- Task details
The answer must be an exact transcription of the lines below from the first through the one containing "How Star Trek", with the pictures left out; please add nothing else.

- Material to process

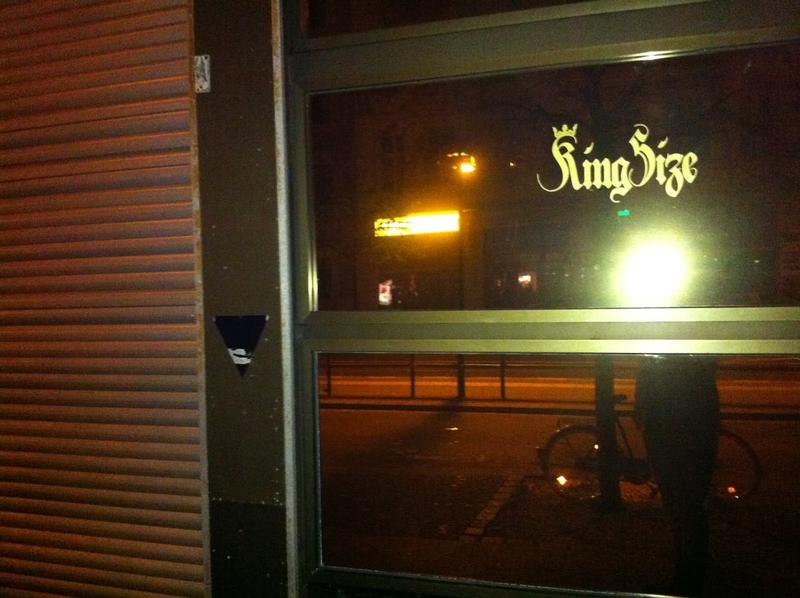 Photo taken at King Size Bar Berlin at 2010-10-22 03꞉59꞉18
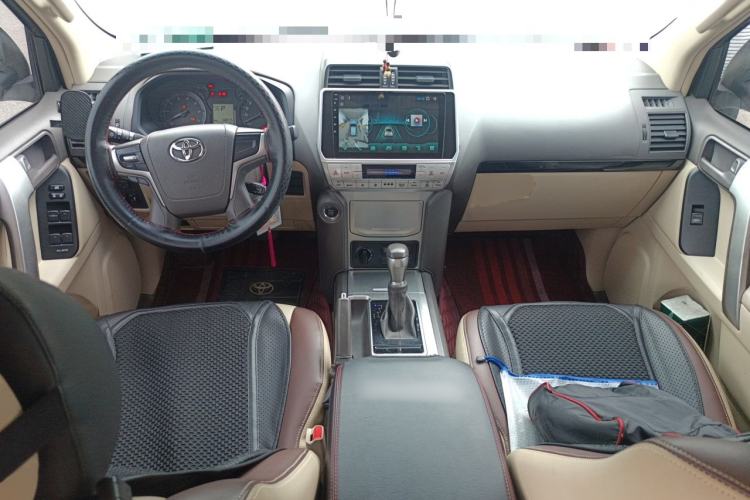 Used Toyota Prado  Center Console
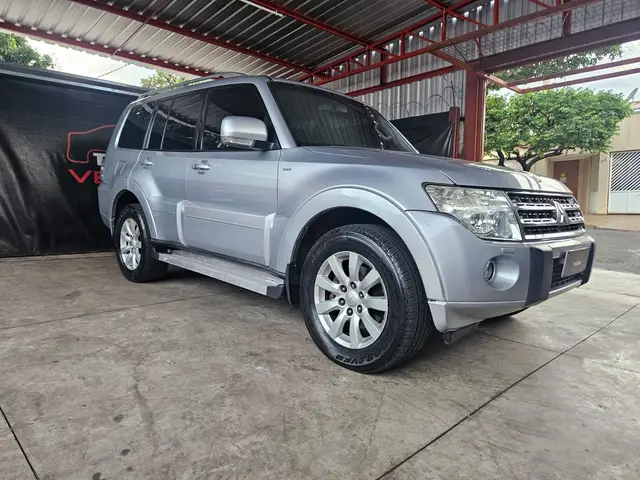 Carro Mitsubishi Pajero Full 2011 3.2 DI-D 5D HPE 4WD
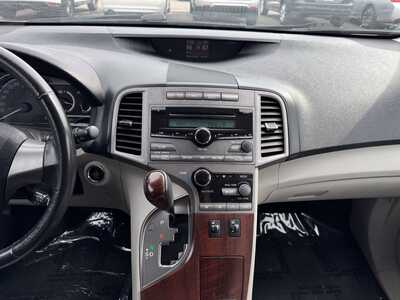 2009 Toyota Venza, $8299. Photo 2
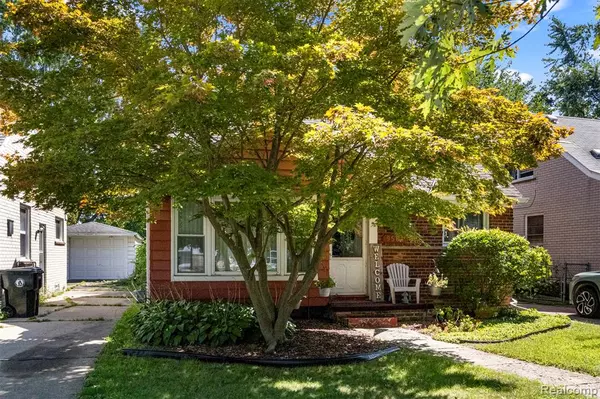 Redford, MI 48239,9584 Wormer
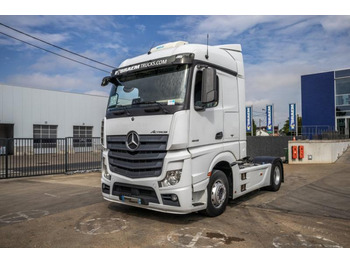 Tractor unit MERCEDES-BENZ Actros 1845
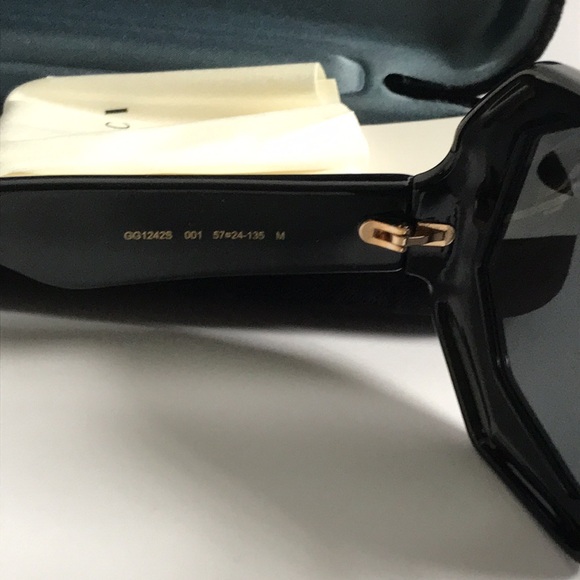 New Authentic Gucci Women\'s Black Oversized Octagonal Sunglasses main image 10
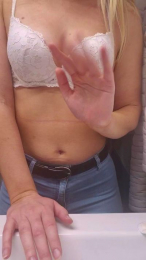 80Milou webcam cam4 model stream image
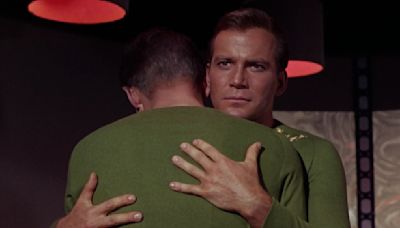 How Star Trek Pulled Off Two Kirks Interacting In The Enemy Within - SlashFilm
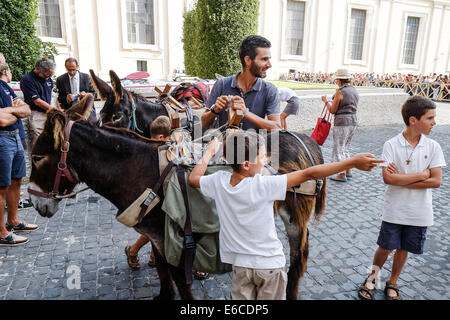 Città del Vaticano. 20 Agosto, 2014. Una famiglia di pellegrini, genitori di sei bambini, raggiunto il Vaticano dai piedi con due asini. Credito: Davvero Facile Star/Alamy Live News Foto Stock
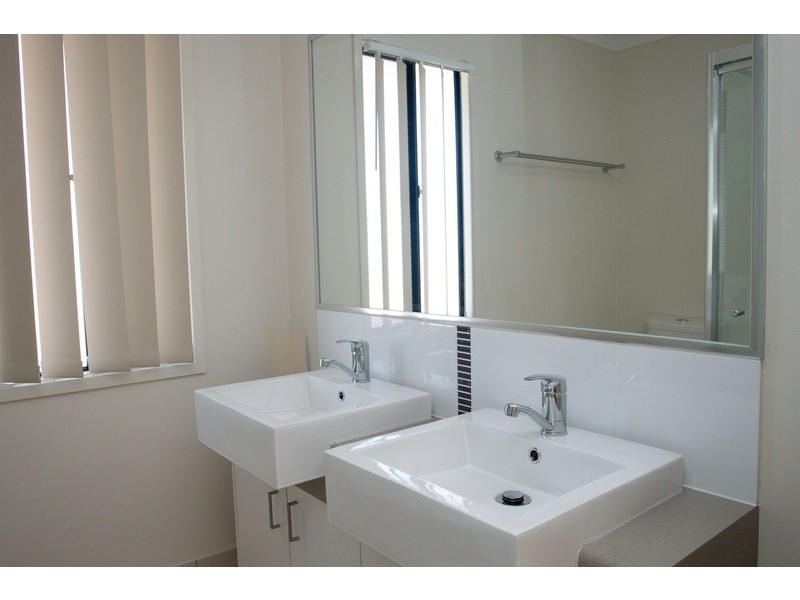 4a Kelly Avenue, Coomera QLD 4209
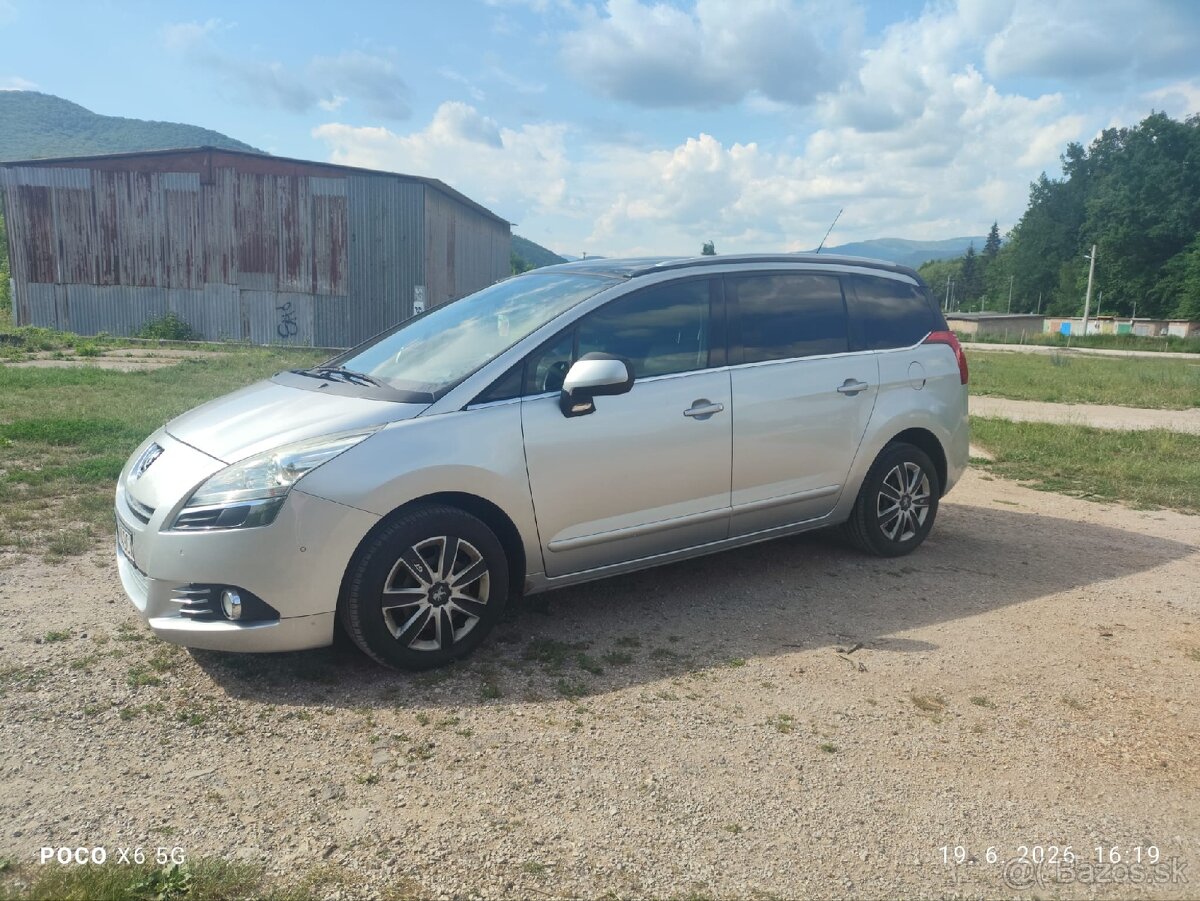 Peugeot 5008 - 4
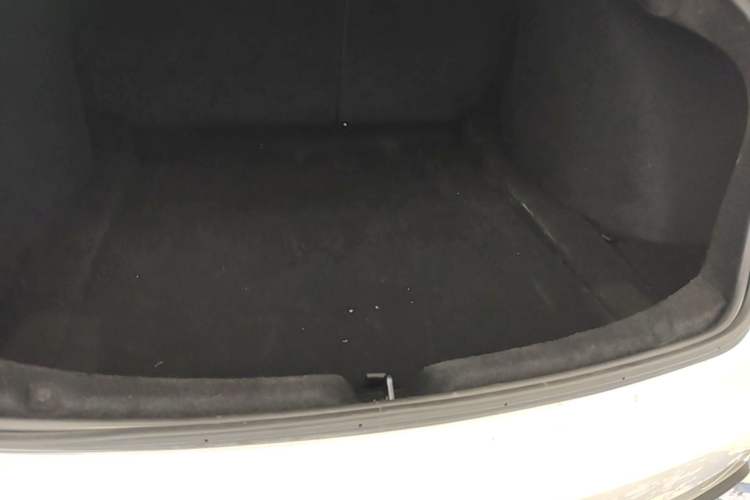 Used Tesla Model 3 2023 Rear-Wheel-Drive Version Trunk
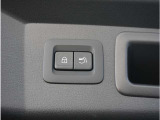【パワーバックドア】スマートキーや運転席のボタンを押すだけでリアゲートが自動で開閉します。両手に荷物を持っている時や高い位置のバックドアを閉める際に便利な機能です。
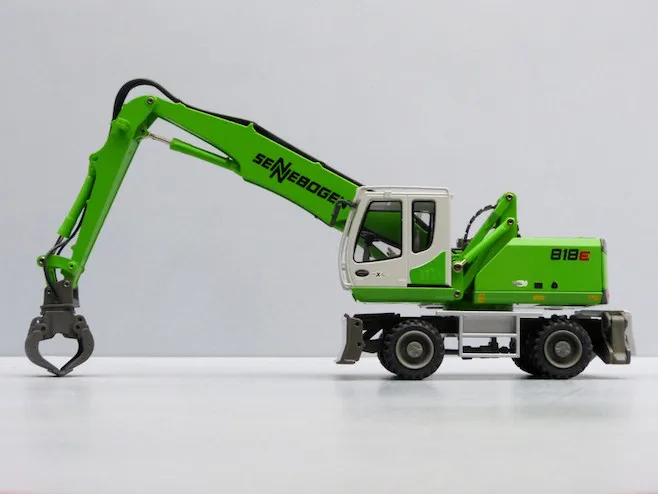 

Conrad 1:50 818E #2944/0 B84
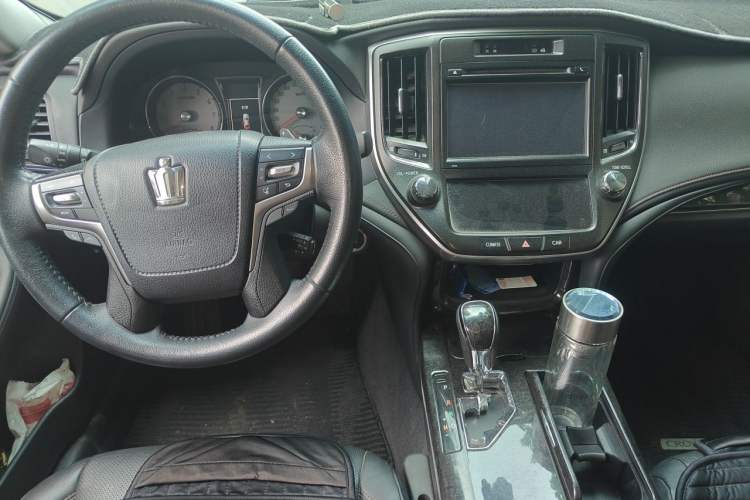 Used Toyota Crown 2018 2.0T Fashion Edition Center Console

- Response
 Photo taken at King Size Bar Berlin at 2010-10-22 03꞉59꞉18
 Used Toyota Prado  Center Console
 Carro Mitsubishi Pajero Full 2011 3.2 DI-D 5D HPE 4WD
 2009 Toyota Venza, $8299. Photo 2
 Redford, MI 48239,9584 Wormer
 Tractor unit MERCEDES-BENZ Actros 1845
 New Authentic Gucci Women\'s Black Oversized Octagonal Sunglasses main image 10
 80Milou webcam cam4 model stream image
 How Star Trek Pulled Off Two Kirks Interacting In The Enemy Within - SlashFilm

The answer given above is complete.